■ What the task asks ■
Copy each record below exactly, please, and leave its pictures out.
=== Begin Enclosure ===
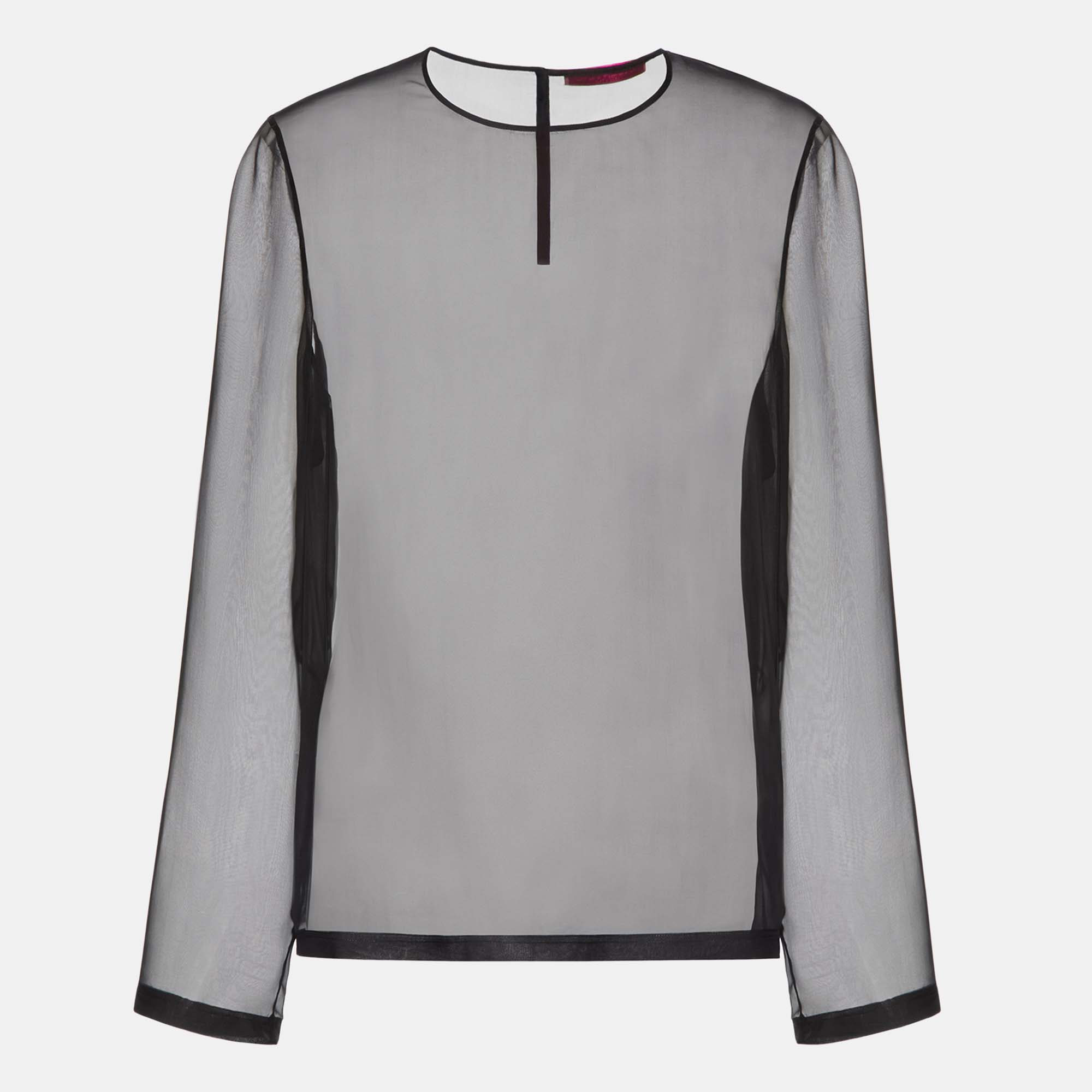 

Valentino Black Sheer Silk Long Sleeve T-Shirt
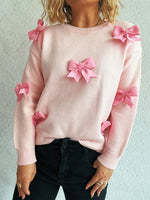 Bow Round Neck Long Sleeve Sweater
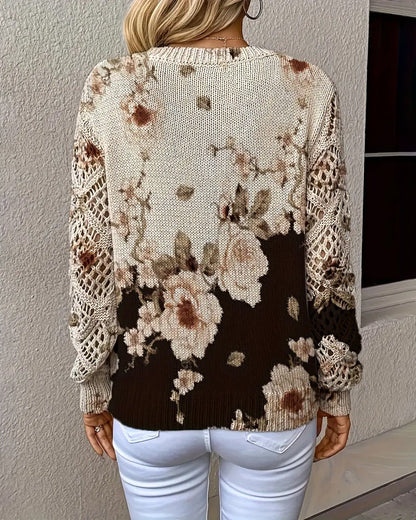 V-Neck Floral Print Hollow Sweater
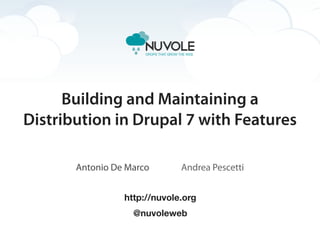 Building and Maintaining a
Distribution in Drupal 7 with Features

       Antonio De Marco       Andrea Pescetti


                 http://nuvole.org
                   @nuvoleweb
 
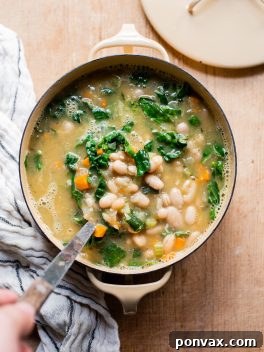 Hearty Vegan Kale and White Bean Soup 5 Creamy Vegan Kale & White Bean Soup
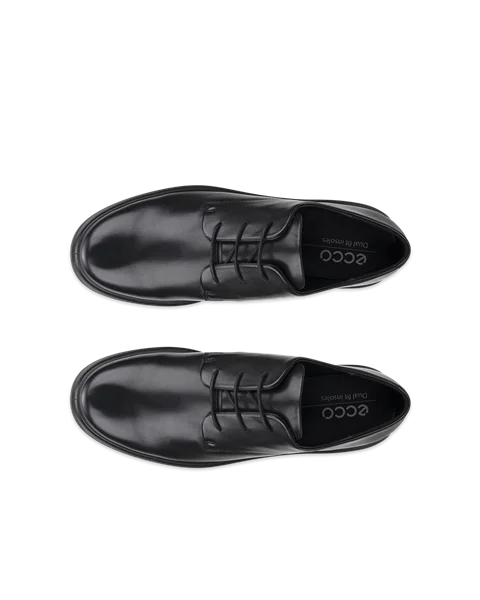 Women's ECCO® Metropole Amsterdam Leather Derby Shoe - Black - Top_Left_Pair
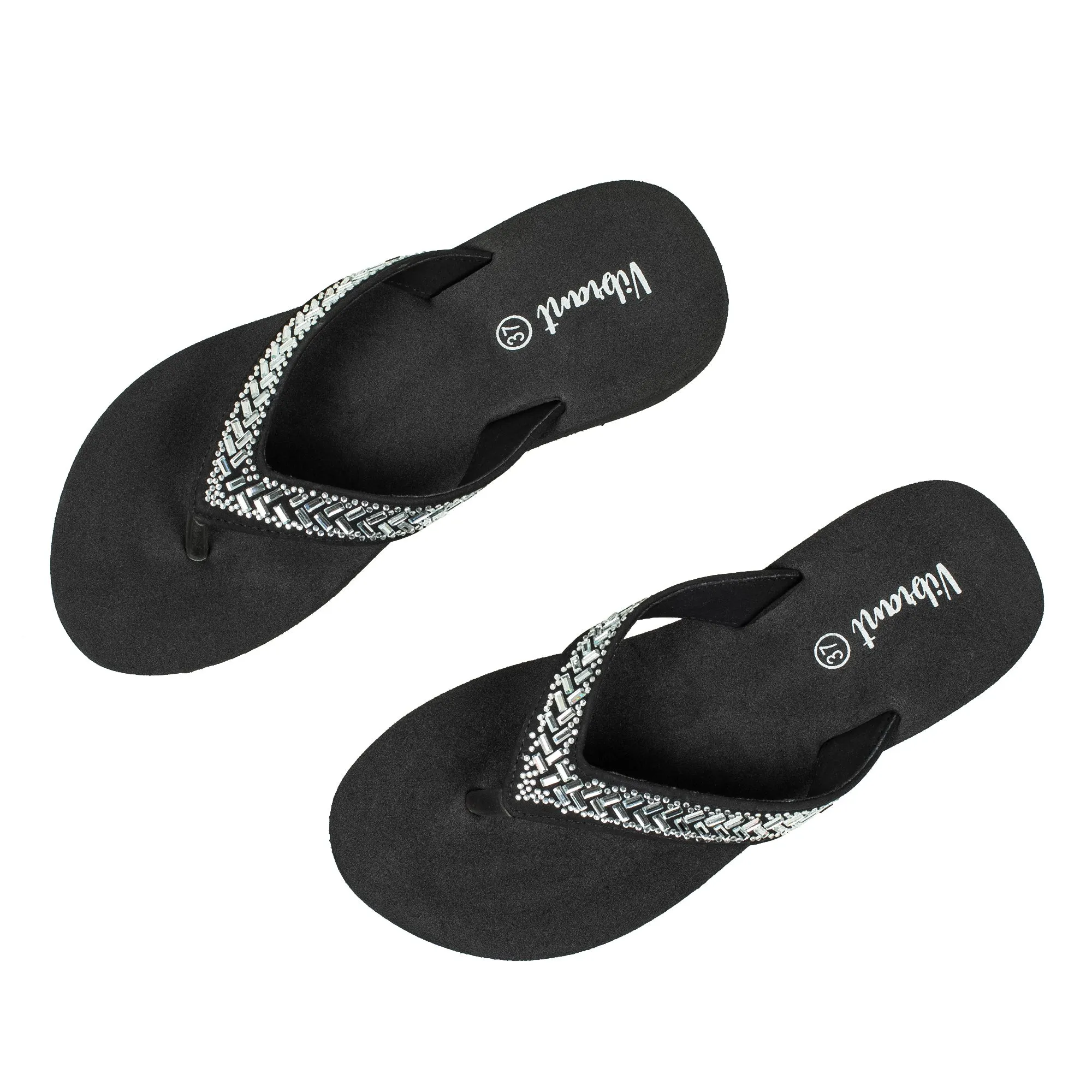 Ladies' Fashionable Black Stoned Strap Beach Flip-Flop with Comfortable Sole Flip Flop Flip Flop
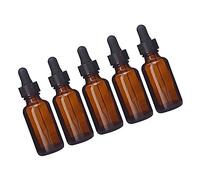 BIUDECO Botellas De Vidrio Rellenable Para Aceite Esencial Con Gotero, Pack De 5 Unidades De 30 Ml, Protección Ámbar, Reutilizables Para Aromaterapia y Mezcla Casera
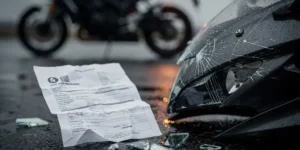 Verfrommeld goedkoop verzekeringsdocument naast beschadigde motorfiets-kuip op nat asfalt, met gebroken spiegelscherven.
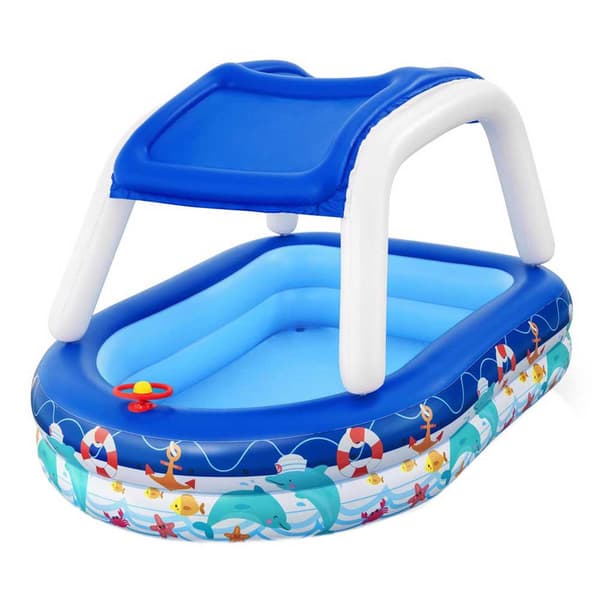 Bestway Suorakaiteen Muotoinen Puhallettava Allas Sea Captain 213x155x132 Cm Sininen 282L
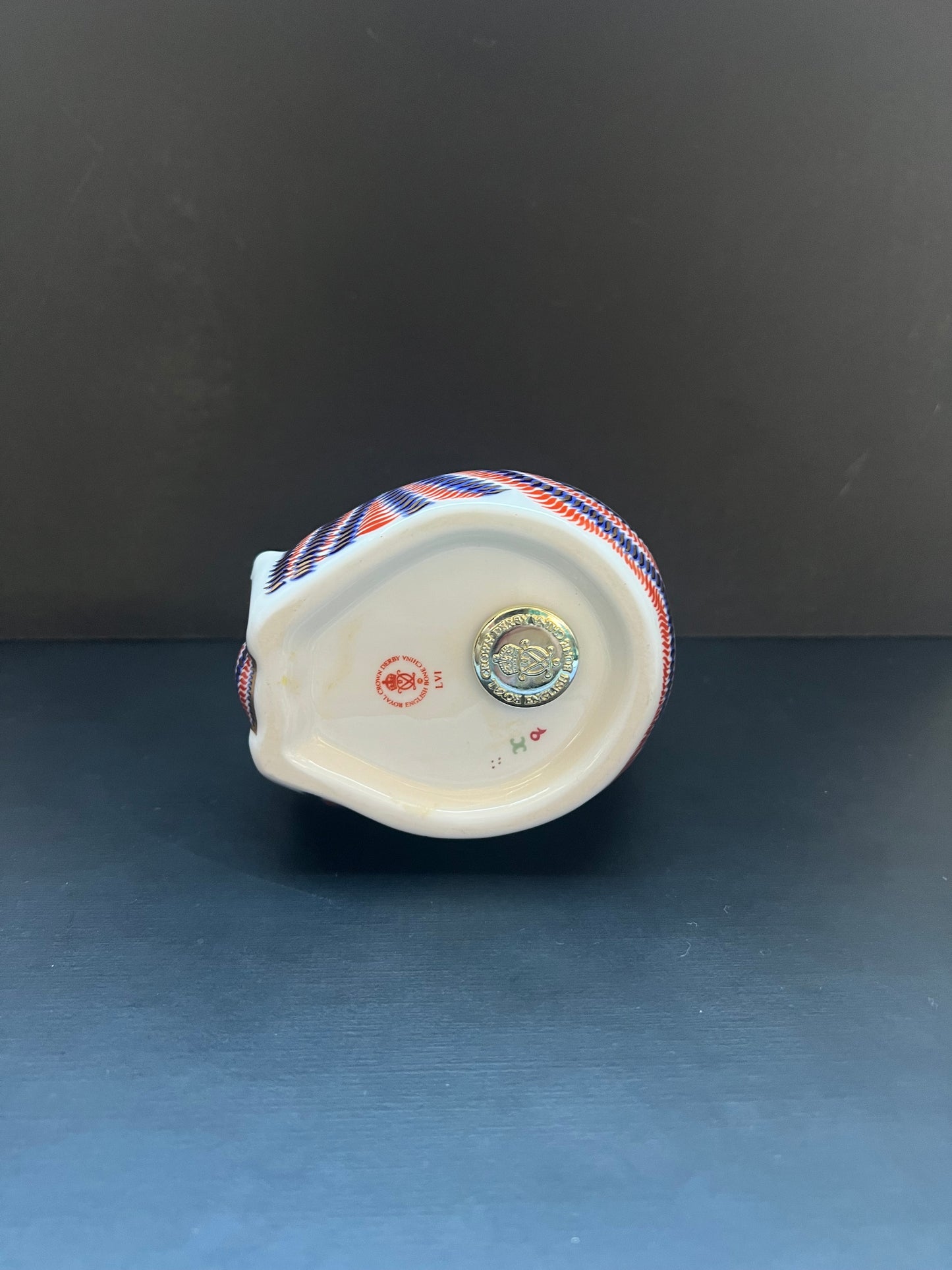 Vintage Royal Crown Derby Cobalt and Gilt Limited Edition Tiger Cub Porcelain Paperweight or Figurine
=== End Enclosure ===
■ Final answer ■
Valentino Black Sheer Silk Long Sleeve T-Shirt
 Bow Round Neck Long Sleeve Sweater
 V-Neck Floral Print Hollow Sweater
 Building and Maintaining a
Distribution in Drupal 7 with Features

       Antonio De Marco       Andrea Pescetti


                 http://nuvole.org
                   @nuvoleweb
 
 Hearty Vegan Kale and White Bean Soup 5 Creamy Vegan Kale & White Bean Soup
 Women's ECCO® Metropole Amsterdam Leather Derby Shoe - Black - Top_Left_Pair
 Ladies' Fashionable Black Stoned Strap Beach Flip-Flop with Comfortable Sole Flip Flop Flip Flop
 BIUDECO Botellas De Vidrio Rellenable Para Aceite Esencial Con Gotero, Pack De 5 Unidades De 30 Ml, Protección Ámbar, Reutilizables Para Aromaterapia y Mezcla Casera
 Verfrommeld goedkoop verzekeringsdocument naast beschadigde motorfiets-kuip op nat asfalt, met gebroken spiegelscherven.
 Bestway Suorakaiteen Muotoinen Puhallettava Allas Sea Captain 213x155x132 Cm Sininen 282L
 Vintage Royal Crown Derby Cobalt and Gilt Limited Edition Tiger Cub Porcelain Paperweight or Figurine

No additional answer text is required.